───── INFORMATION SUPPLIED

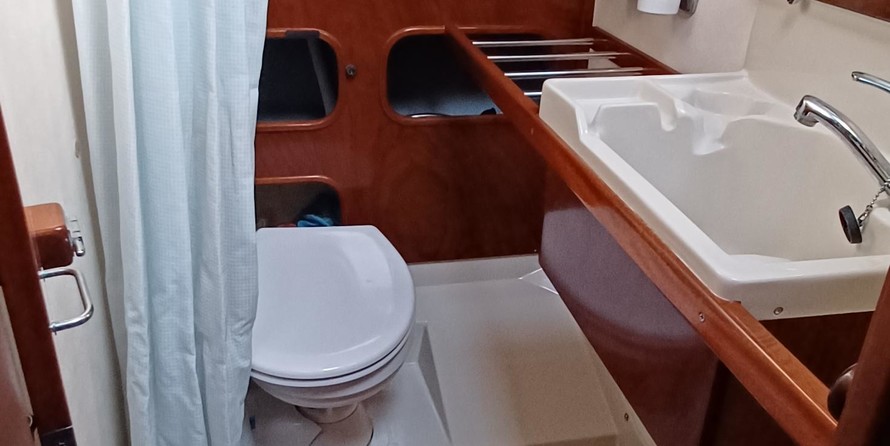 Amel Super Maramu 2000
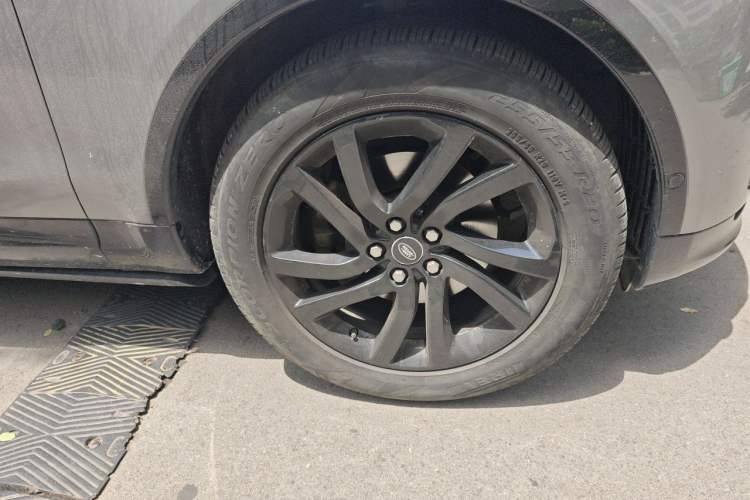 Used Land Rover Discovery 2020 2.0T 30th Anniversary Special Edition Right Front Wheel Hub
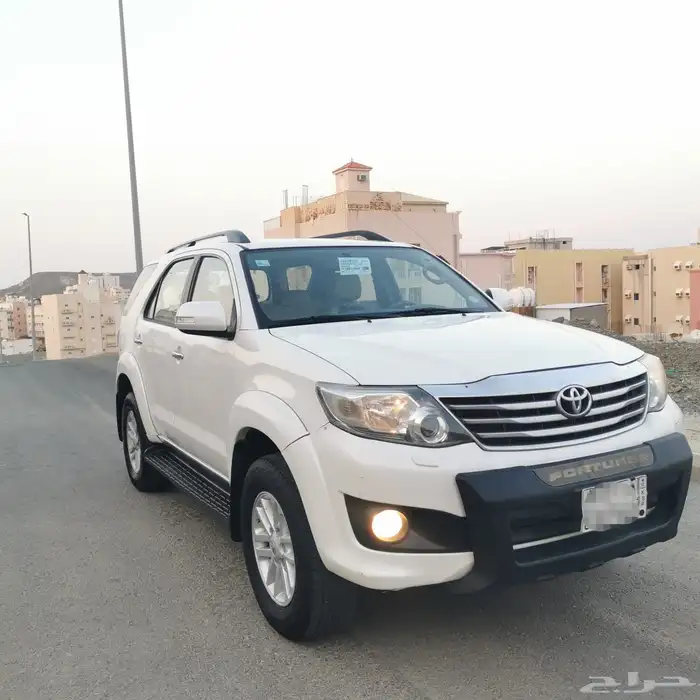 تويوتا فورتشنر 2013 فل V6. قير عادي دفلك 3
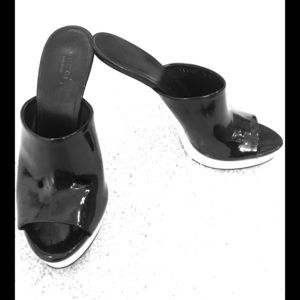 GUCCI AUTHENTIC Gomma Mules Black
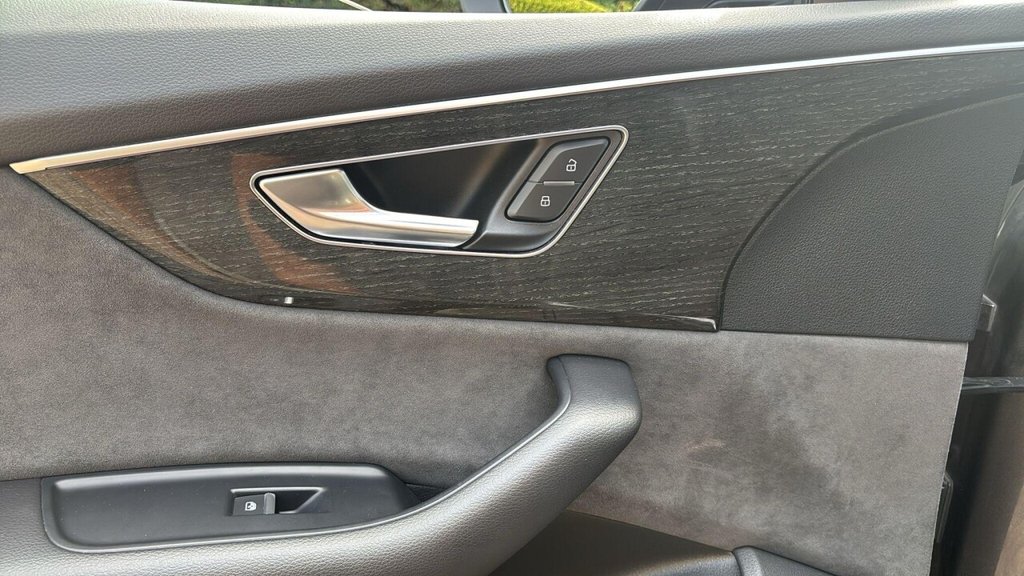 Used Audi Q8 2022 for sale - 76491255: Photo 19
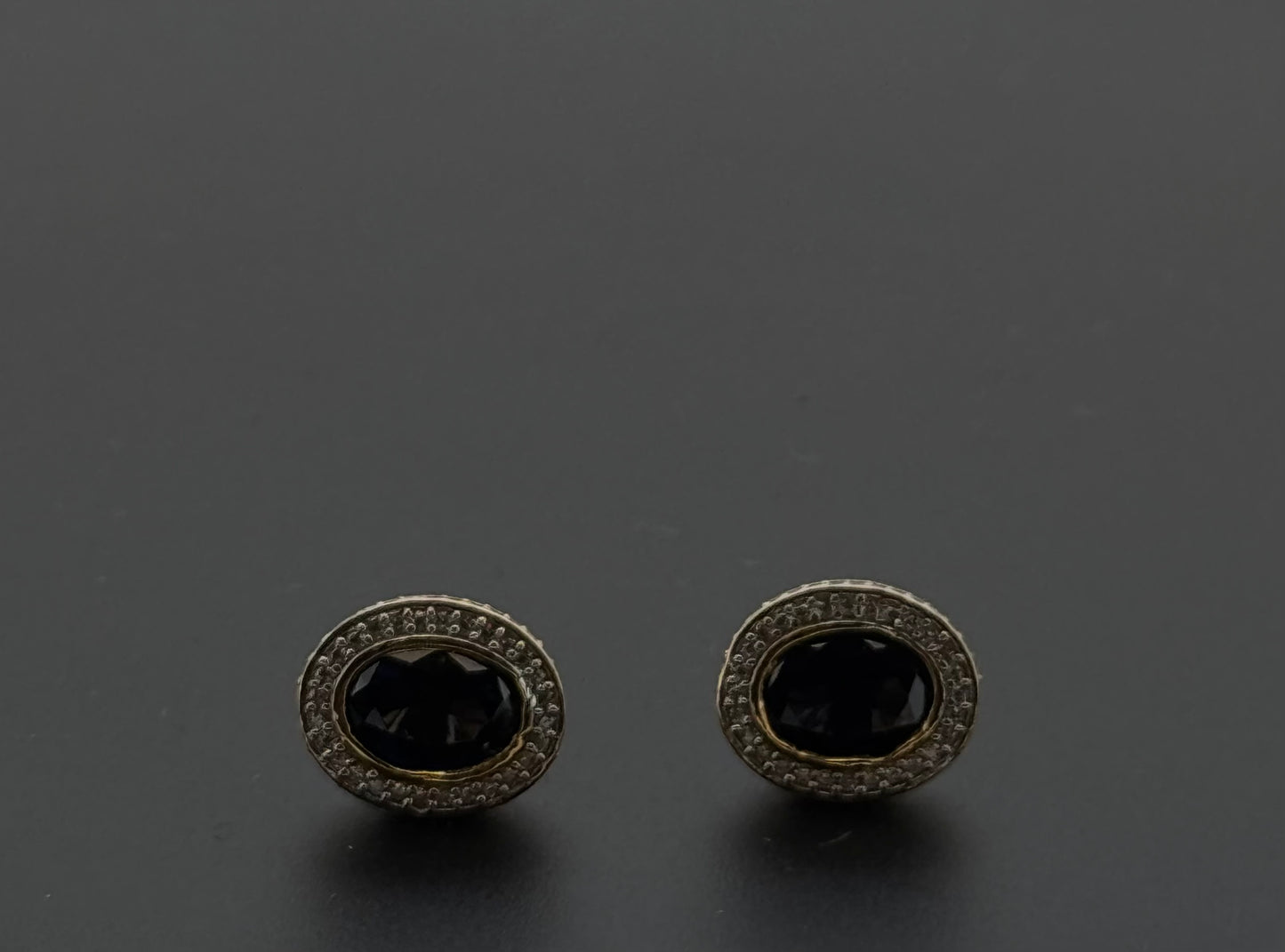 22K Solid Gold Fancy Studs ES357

──────────

--- WHAT IS BEING ASKED ---
The required answer is the lines from the one that contains "GUCCI AUTHENTIC Gomma Mules Black" through the last line of the records, restated word for word, with every picture dropped.

--- RESPONSE TO THIS EXERCISE ---
 GUCCI AUTHENTIC Gomma Mules Black
 Used Audi Q8 2022 for sale - 76491255: Photo 19
 22K Solid Gold Fancy Studs ES357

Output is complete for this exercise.